What Is FATCA Reporting?
The Foreign Account Tax Compliance Act, or FATCA, requires all US Citizens, living at home and abroad, to report assets held in offshore bank accounts to the IRS. This is known as FATCA reporting. In this instance, citizens are defined as anyone born on native US soil, green card holders, and anyone holding investment ties to American institutions, such as the IRS.
FATCA was created as part of the Hiring Incentives To Restore Employment, or HIRE, act that was passed in 2010. FATCA has been growing ever more serious, culminating in the IRS’ announcement, as of July 1, 2014, Foreign Financial Institutions, or FFIs, are required to report bank accounts held by American citizens to the Financial Crimes Enforcement Network (FINCEN), or to face a penalty of a 30% reduction of all American investments.

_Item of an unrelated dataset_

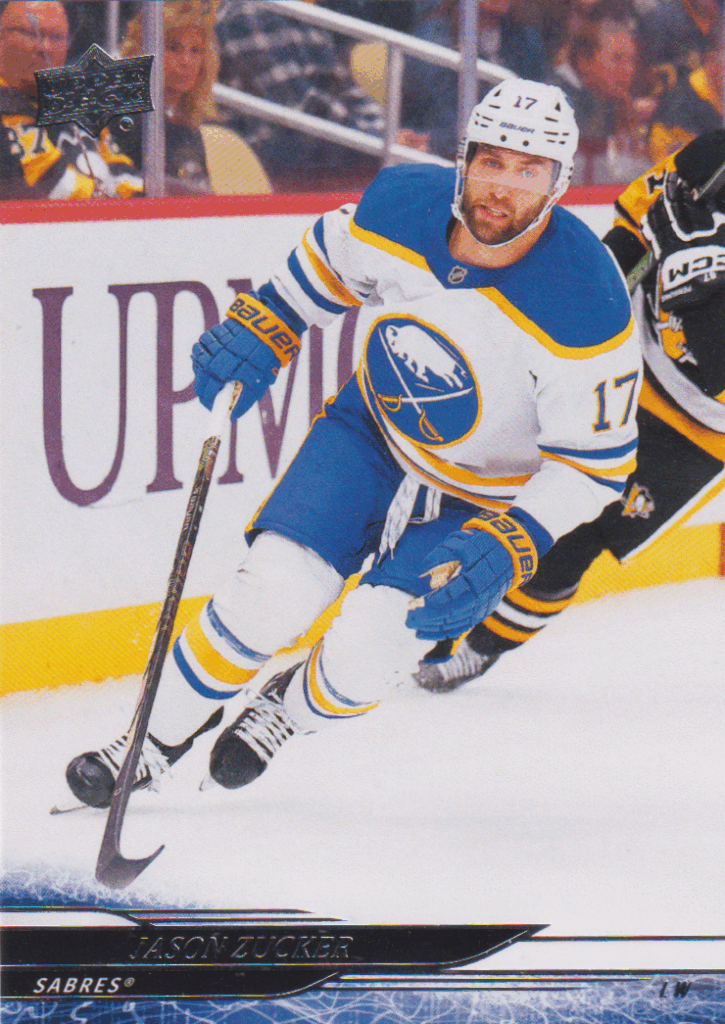 2024/25 UD Extended – Jason Zucker Buffalo Sabres 510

FATCA also requires American citizens living abroad to report overseas assets over $50,000 – slightly higher for overseas residents, which is $200,000 for an individual filer and $400,000 for joint filers, to report those holdings on the form 8398 with the IRS, to be filed along with the 1040.

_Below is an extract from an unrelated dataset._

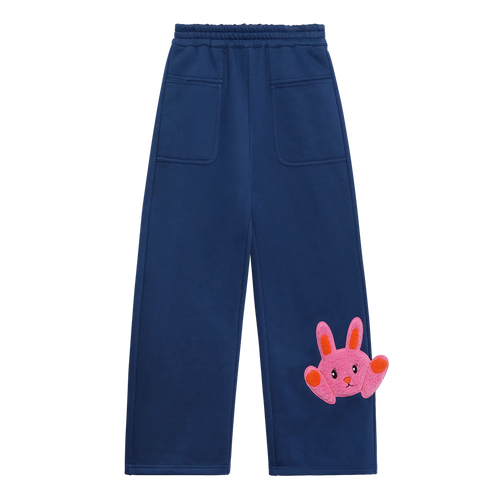 Bunny & Snowman Fleece Joggers by Poco Blush, image 2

Some Americans living abroad have reported being locked out of their overseas bank accounts, and some dual-citizens have been denied banking services showing that the IRS is serious about getting their money, and American citizens all over the world are feeling the effects.
Some Facts About FATCA Reporting
Tax laws are notoriously convoluted and confusing, at the best of times, let alone when it involves multiple nations and dual citizenship. Here’s some things you need to know about FATCA Reporting.

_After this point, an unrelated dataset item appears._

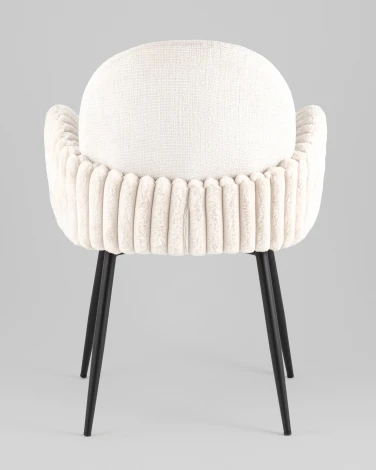 Стул обеденный Stool Group Wave Stripes букле светло-серый арт.УТ000040341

- FATCA was created in a controversy: FATCA was created, in 2010, in response in the aggravated financial meltdown that was The Great Recession. The US government took this opportunity to create an act that would greatly punish FFIs for non-compliance, with the threatened loss of American income.
- Full compliance: Rather than the furious uproar you would expect, over 80 nations have fallen in line to comply with the IRS’ new tax policy, including China and Russia! Even notorious tax havens like Switzerland are complying and striking deals with the Department Of Justice.
- On the lookout for TINS: Foreign Financial Institutions are required to report accounts held by American Tax Identification Numbers, or fall under their gaze themselves.
- FBARs are still required: FATCA doesn’t replace FBARs, which have been in place since the ‘70s. Americans with over $10,000 in offshore accounts need to file a FBAR by June 30.
- Don’t bother appealing: Despite the fact that Republicans filed a modest appeal when FATCA was implemented in 2010, but there’s been no serious effort to repeal FATCA. Some suggest that it will be like a modern version of the Olmstead Act, lasting for a time and then vanishing.
With more and more businesses relying on global commerce and international finances, to stay as streamlined and competitive as possible, FATCA stands to put a serious damper on American businesses abroad.